Bien qu'Ancarani marche sur une ligne trop fine entre son choix de placer la corporéité et la présence matérielle de ses personnages devant une exégèse plus détaillée et la possibilité de leur laisser avoir une intériorité plus complexe, il arrive à formuler une dialectique astucieuse entre cette sous-classe vénitienne et la masse des touristes. Dans un plan renversé éloquent, le smartphone d'une touriste enregistre l'image de Daniele comme un élément particulièrement "couleur locale", une curiosité aperçue dans un endroit exotique. Mais en s'accrochant fermement aux vrais résidents permanents de Venise, souvent invisibles, Ancarani rend la présence de cette touriste à son extranéité.

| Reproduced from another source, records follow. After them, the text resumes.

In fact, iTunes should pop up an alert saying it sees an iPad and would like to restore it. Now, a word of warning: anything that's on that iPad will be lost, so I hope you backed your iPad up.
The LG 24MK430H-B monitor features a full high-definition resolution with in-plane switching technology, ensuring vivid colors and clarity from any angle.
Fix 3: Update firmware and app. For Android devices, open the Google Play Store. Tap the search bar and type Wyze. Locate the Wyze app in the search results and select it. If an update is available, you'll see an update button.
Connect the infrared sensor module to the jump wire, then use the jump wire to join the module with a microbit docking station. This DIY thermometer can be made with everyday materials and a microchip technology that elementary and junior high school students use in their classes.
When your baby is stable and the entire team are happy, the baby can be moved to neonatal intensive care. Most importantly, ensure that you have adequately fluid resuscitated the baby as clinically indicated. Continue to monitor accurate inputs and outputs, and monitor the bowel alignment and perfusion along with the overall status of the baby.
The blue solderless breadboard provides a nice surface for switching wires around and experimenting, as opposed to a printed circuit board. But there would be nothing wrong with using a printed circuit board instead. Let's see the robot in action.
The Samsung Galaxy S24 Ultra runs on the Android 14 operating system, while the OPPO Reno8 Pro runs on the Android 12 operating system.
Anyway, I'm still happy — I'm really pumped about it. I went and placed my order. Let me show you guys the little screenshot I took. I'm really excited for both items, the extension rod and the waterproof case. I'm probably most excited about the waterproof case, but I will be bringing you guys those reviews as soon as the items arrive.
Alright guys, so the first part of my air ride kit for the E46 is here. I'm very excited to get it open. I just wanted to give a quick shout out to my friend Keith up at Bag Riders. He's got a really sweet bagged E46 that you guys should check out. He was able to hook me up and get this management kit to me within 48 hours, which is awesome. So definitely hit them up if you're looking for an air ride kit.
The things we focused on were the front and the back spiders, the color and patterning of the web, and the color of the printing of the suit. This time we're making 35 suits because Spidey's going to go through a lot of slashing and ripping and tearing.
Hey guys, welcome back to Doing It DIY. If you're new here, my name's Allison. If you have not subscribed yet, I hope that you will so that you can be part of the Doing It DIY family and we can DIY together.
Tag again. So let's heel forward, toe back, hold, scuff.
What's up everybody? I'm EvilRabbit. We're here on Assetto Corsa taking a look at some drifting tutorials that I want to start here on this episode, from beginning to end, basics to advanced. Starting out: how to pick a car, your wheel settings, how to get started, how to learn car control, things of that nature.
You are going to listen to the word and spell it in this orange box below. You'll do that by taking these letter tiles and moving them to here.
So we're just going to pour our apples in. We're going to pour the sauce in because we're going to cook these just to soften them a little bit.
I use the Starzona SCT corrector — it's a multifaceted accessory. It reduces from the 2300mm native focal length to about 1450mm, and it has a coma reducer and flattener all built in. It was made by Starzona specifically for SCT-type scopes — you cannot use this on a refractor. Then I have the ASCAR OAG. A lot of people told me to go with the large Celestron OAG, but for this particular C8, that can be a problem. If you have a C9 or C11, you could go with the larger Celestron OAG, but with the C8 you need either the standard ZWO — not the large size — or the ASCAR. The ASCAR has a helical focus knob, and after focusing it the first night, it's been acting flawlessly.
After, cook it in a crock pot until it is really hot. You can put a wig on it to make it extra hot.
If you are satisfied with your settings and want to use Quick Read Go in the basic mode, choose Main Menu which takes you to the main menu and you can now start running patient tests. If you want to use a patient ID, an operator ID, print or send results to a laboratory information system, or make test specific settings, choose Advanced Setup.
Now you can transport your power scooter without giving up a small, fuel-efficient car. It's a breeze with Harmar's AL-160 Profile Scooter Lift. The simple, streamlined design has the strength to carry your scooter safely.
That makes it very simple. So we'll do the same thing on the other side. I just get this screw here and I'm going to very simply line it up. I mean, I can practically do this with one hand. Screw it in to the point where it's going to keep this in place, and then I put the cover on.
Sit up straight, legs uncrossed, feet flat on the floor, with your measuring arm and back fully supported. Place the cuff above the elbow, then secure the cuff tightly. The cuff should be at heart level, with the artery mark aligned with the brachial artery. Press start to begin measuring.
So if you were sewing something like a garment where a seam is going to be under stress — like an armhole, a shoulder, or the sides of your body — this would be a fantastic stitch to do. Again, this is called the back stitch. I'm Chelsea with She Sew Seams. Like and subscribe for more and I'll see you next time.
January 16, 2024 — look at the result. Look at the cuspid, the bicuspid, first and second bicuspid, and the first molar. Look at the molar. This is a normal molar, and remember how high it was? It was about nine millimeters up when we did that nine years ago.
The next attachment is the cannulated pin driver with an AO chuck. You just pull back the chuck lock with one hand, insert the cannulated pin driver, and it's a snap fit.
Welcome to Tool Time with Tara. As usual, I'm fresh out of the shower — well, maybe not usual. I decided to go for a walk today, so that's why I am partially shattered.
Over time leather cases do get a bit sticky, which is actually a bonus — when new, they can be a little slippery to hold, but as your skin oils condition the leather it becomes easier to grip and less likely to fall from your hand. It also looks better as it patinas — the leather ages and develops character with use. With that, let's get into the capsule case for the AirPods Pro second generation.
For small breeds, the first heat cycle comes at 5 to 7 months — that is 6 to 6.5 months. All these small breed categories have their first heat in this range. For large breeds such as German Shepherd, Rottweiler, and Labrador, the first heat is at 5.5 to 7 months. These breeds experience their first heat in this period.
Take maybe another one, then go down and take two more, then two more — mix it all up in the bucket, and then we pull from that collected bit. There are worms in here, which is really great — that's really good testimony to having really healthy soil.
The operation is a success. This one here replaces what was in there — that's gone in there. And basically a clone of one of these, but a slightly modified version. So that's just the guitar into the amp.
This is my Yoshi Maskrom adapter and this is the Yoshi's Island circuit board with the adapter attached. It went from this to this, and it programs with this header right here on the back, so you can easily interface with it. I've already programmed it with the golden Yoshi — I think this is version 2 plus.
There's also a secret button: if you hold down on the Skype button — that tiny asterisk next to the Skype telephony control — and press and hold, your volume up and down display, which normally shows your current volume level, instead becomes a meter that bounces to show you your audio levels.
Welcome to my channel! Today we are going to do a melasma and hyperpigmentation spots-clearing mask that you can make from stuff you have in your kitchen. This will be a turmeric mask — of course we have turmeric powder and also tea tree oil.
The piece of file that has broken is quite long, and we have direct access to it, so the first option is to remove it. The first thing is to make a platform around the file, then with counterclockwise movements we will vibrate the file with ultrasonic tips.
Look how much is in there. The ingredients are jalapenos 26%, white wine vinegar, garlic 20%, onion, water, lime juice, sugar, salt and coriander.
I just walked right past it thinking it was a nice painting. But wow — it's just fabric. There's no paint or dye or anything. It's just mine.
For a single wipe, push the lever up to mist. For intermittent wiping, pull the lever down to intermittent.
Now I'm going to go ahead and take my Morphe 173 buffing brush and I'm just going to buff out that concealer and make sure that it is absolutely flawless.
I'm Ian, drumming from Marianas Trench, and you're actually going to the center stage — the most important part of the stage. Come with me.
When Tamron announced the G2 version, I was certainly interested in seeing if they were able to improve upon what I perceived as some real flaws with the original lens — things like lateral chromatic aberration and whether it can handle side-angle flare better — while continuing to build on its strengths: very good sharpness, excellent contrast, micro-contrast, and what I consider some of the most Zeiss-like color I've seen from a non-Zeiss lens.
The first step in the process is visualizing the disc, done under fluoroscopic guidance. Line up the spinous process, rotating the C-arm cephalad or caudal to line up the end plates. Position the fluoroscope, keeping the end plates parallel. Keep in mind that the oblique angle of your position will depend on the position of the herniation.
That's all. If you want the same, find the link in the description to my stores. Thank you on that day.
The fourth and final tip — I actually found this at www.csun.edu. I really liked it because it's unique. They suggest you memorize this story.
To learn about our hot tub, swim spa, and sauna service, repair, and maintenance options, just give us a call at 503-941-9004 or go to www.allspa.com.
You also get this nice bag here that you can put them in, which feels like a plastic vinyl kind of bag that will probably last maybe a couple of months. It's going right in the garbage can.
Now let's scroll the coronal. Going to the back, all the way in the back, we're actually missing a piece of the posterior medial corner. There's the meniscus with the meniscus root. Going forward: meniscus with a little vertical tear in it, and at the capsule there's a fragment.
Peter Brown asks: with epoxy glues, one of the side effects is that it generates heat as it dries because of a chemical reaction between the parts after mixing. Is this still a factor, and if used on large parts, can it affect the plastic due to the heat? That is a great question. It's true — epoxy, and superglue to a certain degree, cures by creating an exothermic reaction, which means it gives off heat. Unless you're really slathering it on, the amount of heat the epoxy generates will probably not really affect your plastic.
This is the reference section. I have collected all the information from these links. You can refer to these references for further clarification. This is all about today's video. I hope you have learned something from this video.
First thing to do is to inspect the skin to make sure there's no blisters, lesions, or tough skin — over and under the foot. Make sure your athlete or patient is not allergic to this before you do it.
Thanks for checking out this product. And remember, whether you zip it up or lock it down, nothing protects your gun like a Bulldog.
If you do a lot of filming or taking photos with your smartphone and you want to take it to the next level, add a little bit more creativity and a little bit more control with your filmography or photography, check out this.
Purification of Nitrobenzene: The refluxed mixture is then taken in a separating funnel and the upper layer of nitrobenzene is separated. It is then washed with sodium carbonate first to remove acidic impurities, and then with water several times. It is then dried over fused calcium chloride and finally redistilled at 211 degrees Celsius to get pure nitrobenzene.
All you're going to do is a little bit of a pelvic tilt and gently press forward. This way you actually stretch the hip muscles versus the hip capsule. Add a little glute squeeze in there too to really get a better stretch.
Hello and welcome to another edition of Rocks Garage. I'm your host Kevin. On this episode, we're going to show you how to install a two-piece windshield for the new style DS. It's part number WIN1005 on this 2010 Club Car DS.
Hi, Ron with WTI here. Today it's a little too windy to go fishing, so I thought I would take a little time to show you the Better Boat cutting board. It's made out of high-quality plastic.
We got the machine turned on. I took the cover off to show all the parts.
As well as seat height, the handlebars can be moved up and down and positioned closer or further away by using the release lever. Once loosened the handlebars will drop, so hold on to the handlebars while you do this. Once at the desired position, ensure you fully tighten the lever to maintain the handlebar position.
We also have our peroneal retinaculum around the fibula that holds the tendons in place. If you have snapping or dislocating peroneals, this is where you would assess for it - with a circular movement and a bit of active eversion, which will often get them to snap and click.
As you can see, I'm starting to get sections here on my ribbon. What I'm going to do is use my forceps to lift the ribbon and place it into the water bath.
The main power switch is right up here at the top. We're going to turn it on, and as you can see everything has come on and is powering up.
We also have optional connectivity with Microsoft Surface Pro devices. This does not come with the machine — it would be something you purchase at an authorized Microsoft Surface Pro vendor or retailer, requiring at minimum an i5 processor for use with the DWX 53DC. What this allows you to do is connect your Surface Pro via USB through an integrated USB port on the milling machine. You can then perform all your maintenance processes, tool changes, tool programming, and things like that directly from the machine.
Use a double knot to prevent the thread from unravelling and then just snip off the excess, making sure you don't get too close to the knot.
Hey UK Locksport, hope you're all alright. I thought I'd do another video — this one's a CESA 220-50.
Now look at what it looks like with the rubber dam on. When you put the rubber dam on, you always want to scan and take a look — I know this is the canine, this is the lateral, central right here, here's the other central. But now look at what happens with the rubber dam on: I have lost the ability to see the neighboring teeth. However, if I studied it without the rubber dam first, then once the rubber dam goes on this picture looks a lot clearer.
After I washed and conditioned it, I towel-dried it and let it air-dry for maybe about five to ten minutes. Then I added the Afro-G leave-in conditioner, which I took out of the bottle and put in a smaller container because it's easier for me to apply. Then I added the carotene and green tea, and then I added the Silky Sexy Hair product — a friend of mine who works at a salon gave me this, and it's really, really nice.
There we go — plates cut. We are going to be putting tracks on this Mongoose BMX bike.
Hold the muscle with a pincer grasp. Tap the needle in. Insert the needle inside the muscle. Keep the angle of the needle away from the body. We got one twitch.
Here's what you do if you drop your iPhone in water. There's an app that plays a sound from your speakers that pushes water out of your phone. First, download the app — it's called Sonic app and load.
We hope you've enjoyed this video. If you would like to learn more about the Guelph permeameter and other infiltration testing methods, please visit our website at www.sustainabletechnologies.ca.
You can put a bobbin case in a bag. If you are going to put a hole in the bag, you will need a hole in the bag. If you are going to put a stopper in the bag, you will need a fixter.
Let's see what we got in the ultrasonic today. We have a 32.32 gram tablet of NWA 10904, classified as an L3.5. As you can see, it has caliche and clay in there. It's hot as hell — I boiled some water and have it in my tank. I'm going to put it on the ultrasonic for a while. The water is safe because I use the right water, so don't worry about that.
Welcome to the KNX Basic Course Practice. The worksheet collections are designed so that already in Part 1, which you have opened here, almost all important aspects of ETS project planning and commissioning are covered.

Le dénouement, une fascinante séquence de dix minutes, abandonne complètement tout élément de représentation réaliste : Ancarani crée ici une mise en abyme visuelle infinie, psychédélique, qui pourrait sans doute être montrée seule dans une galerie feutrée. On pourrait, certes, faire valoir le fait qu'elle est trop déconnectée des deux premiers tiers du film, mais la transformation des canaux vénitiens en un enchevêtrement démultiplié de treillis courbes contient une invitation joliment didactique : regardez les choses différemment, sans quoi vous risquez de ne pas voir ce qu’elles sont vraiment.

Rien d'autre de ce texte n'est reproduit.